IL COMMENTO DI ANDREA GILLI
Secondo Andrea Gilli, esperto di strategia militare e docente all’Università di St Andrews in Scozia, il governo avrebbe potuto comunicare meglio le ragioni della sostituzione di Cingolani, ma risultano poco fondate le ricostruzioni secondo cui il cambio ai vertici sarebbe avvenuto per pressioni degli Stati Uniti. In particolare, il progetto Michelangelo Dome viene descritto come un’iniziativa ancora priva di adesioni concrete e senza massa critica comparabile ad altri programmi europei già avviati, mentre il caccia di sesta generazione Gcap non rappresenterebbe una minaccia immediata per l’F-35. Più che pressioni politiche dirette, il rapporto con Washington andrebbe letto alla luce della rilevanza strutturale del mercato americano per Leonardo, anche attraverso la controllata Leonardo Drs, asset considerato centrale per l’equilibrio industriale e finanziario del gruppo.
“Sotto Cingolani Leonardo ha avuto una performance molto positiva, superiore all’indice di riferimento. Non è solo merito suo, ma certamente è anche merito suo” osserva oggi su X il professor Gilli. “Nessuno può criticarmi di anti-capitalismo, ma credo qui sia necessario chiarire un punto essenziale. Il governo deve massimizzare il ritorno sugli investimenti o fare gli interessi strategici del Paese? Nel primo caso, il governo sarebbe una sorta di fondo di investimento. Nel secondo, deve mettere la sicurezza nazionale prima dei ritorni economici. Io non ho modo di valutare nel dettaglio le politiche dell’attuale governo, ma capiamoci su cosa significhi massimizzare il ritorno nel settore difesa: in astratto, vorrebbe dire espandere le vendite anche verso attori problematici, inclusi potenziali avversari, che potrebbero poi utilizzarle contro di noi” ha chiosato l’esperto.
L’ANALISI DI MARRONE (IAI)
Sulla medesima posizione anche Alessandro Marrone, responsabile del programma “Difesa, sicurezza e spazio” dello IAI. Raggiunto da Startmag, Marrone spiega che quello in cui opera Leonardo è un “settore che deve rispondere direttamente all’esigenza delle forze armate, della sicurezza nazionale e anche ad alcuni orientamenti di fondo della politica estera e di difesa italiana che sono anche abbastanza bipartisan nei vari cerchi europeo, transatlantico e del Mediterraneo Allargato, che quindi influenzano alcune scelte”.

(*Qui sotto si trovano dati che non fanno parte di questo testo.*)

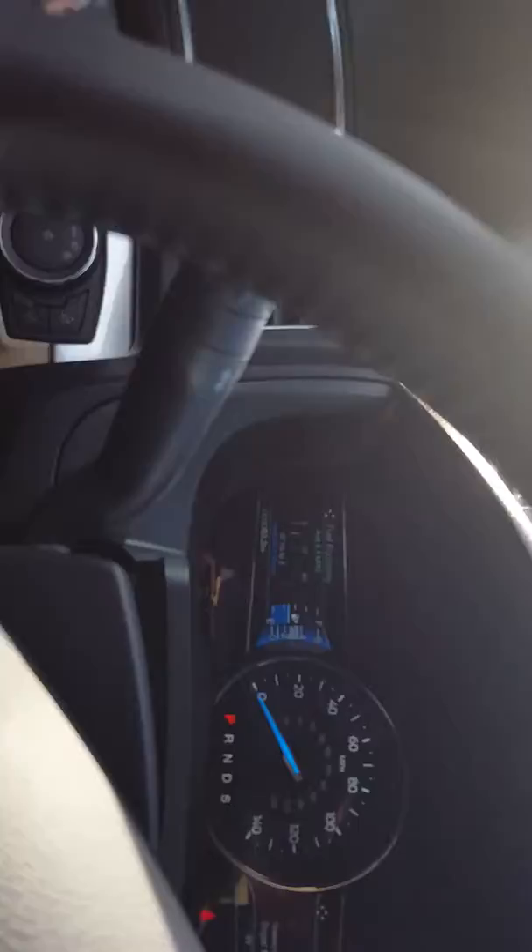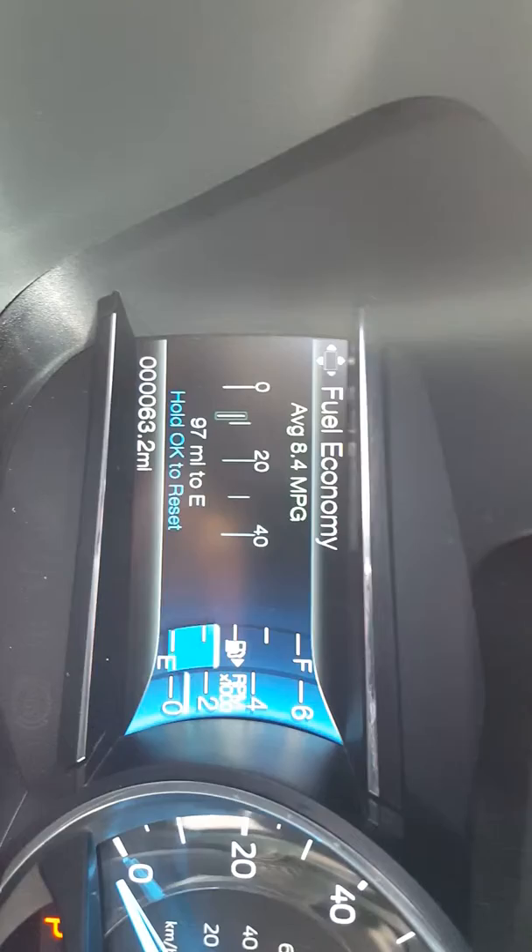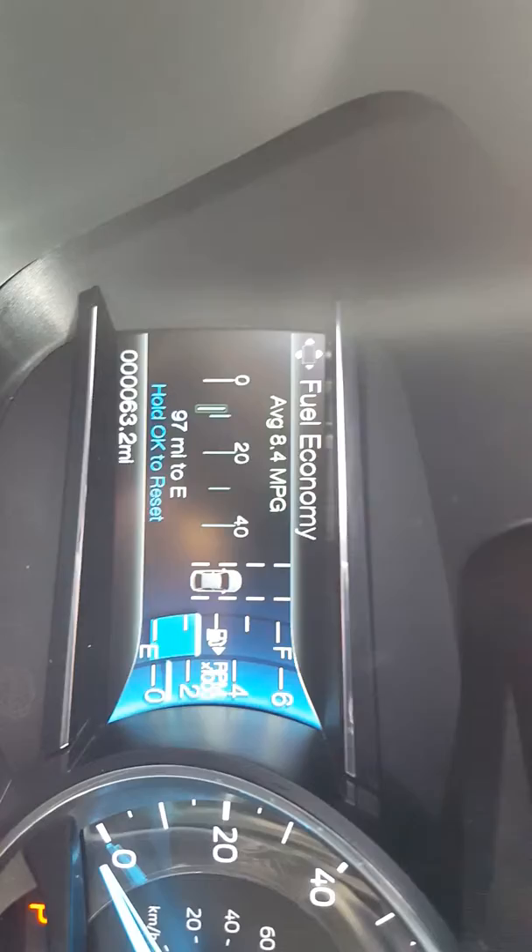We're going to look at the display on our turn signal stalk on the left side. It has that little marking there — that's how you know the car has it. The display is in the left side of your gauge cluster. When I press this button, it'll toggle that system off and on. That system is defaulted off, so if you want to use it, it needs to be turned on when you get in the car.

L’esperto dello Iai ribadisce che si tratta di “una scelta comunque politica quella di non vendere ad acquirenti o non avviare partnership con stati che si considerano ostili o che diventano ostili nel tempo. O comunque ci sono scelte di fondo riguardo a questo equilibrio europeo, transatlantico e mediterraneo se accentuare ad esempio in questa fase storica maggiormente il cerchio europeo, visto le tensioni transatlantiche e anche iniziative Ue nel campo della difesa”. In conclusione siamo di fronte a “un equilibrio che non è bianco e nero può essere un po’ superficiale e ricondurre a dinamiche personali, è un fatto strutturale: Leonardo è sia un’azienda privata sia una partecipata pubblica, nel settore direttamente legato alla sicurezza nazionale che è l’aerospazio, sicurezza e difesa” conclude Marrone.